Before running the process_radtags, you need the following documents or directories ready to run it smoothly:

  1. Concatenate sequence lanes
  2. a directory where you can output your demultiplexed data
  3. Create your barcode file
  4. the enzymes that were used to cut your DNA
  5. the commands that you will use (familiarize yourself here)

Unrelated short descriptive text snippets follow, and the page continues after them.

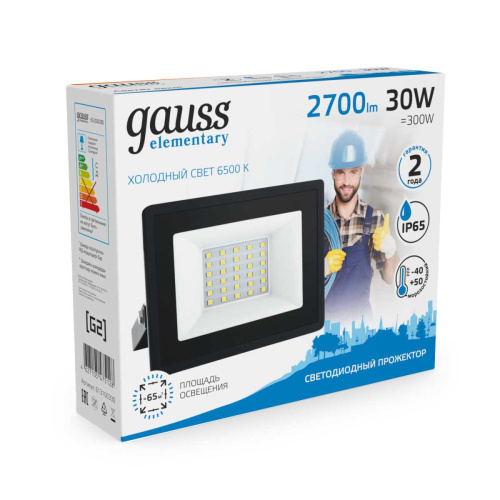Прожектор светодиодный Gauss 30W 613100330 Прожектор светодиодный Gauss 30W 613100330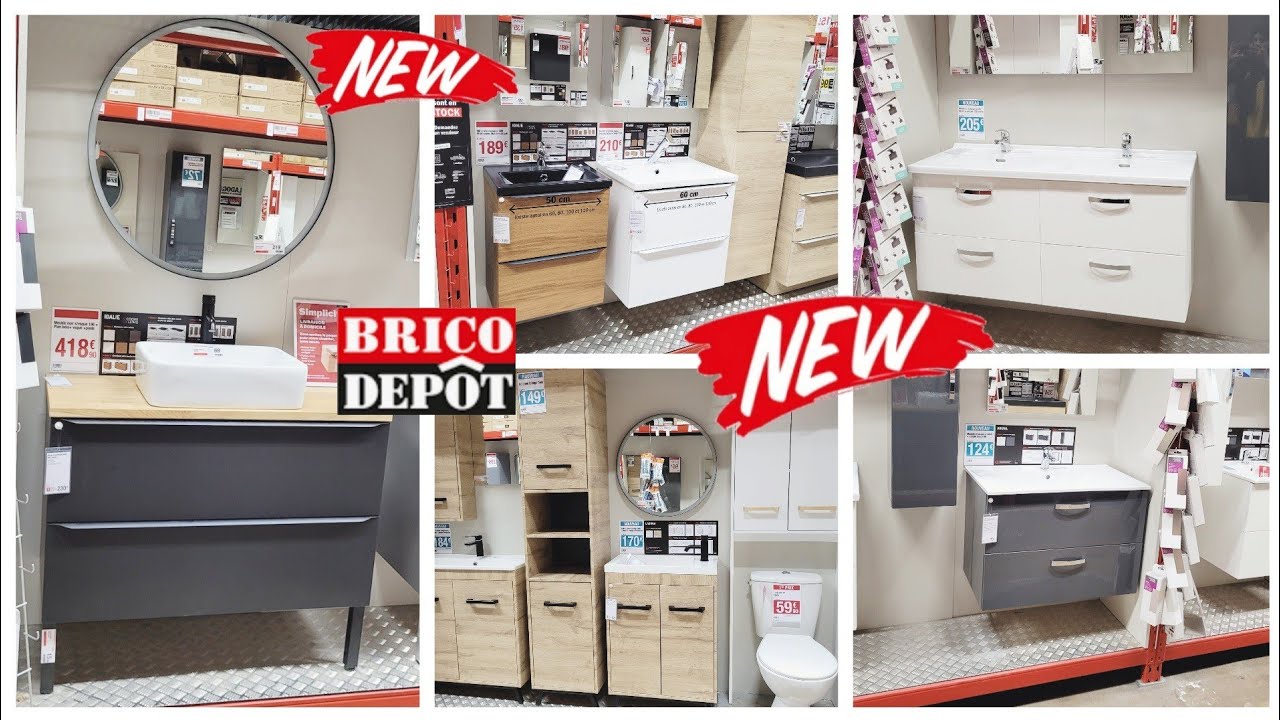 BRICO-DEPÔT😍NOUVEAU MEUBLE SALLE DE BAIN✨️ 18.09.23 #bricodepot #salledebain #arrivagebricodepot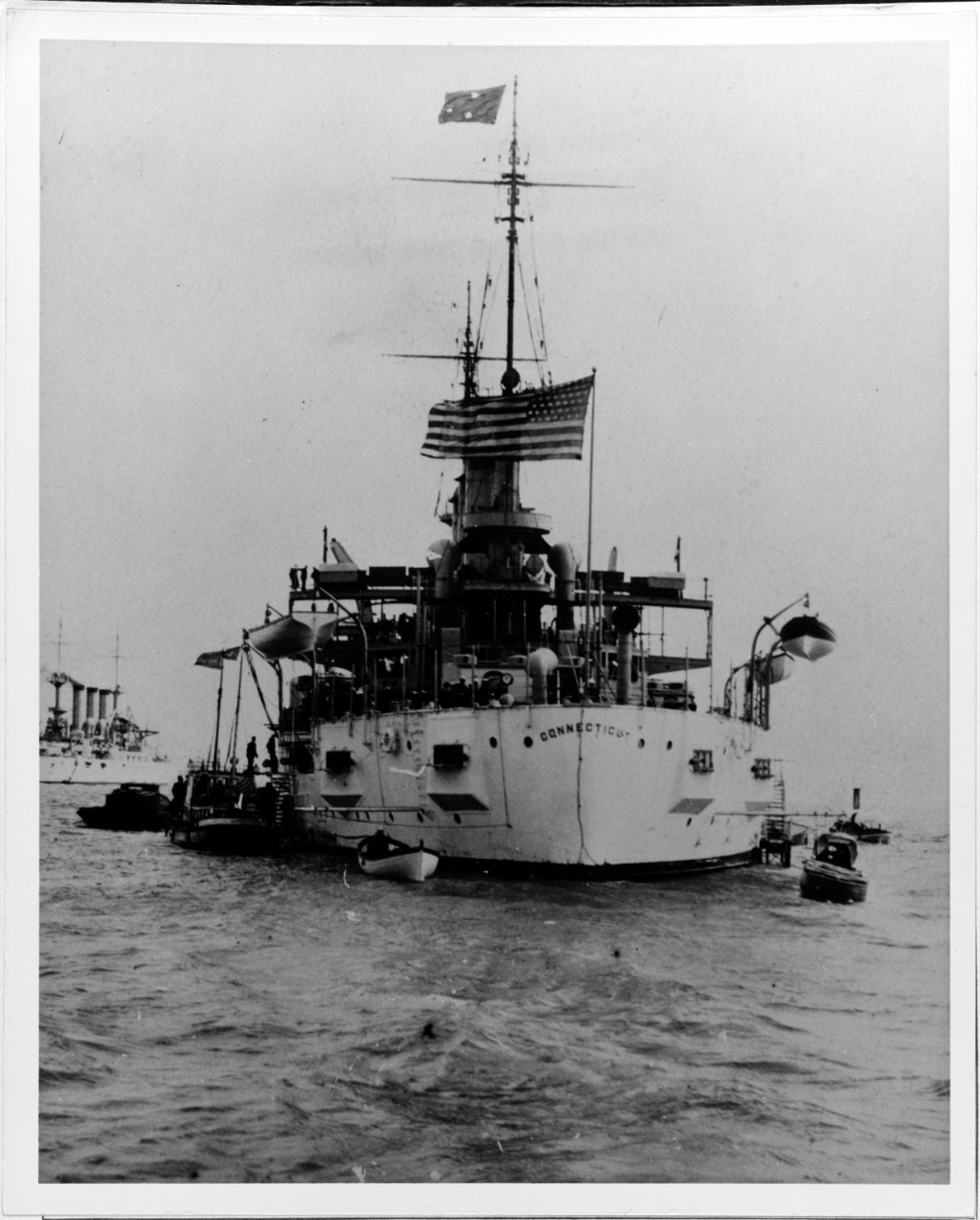 Photo #: NH 55344  World Cruise of the &quot;Great White Fleet&quot;, 1907-1909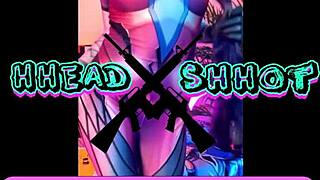 I am Widowmaker fucking my ass with toys in Overwatch cosplay.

2.2.1 Concatenate sequence lanes

If you have two or more sequence lanes, it is better to concatenate them in a single file as it is more difficult to process them in the Stacks pipeline

  1. First, you need to merge sequence data depending on their nature. Single-end sequencing lanes should result to a single sequencing data. Whereas, paired-end sequencing will have forward and reverse reads. With this, you need to concatenate all forward and reverse reads separately. Some cases merge them into a single file and truncate them into a specific length at the end of the process.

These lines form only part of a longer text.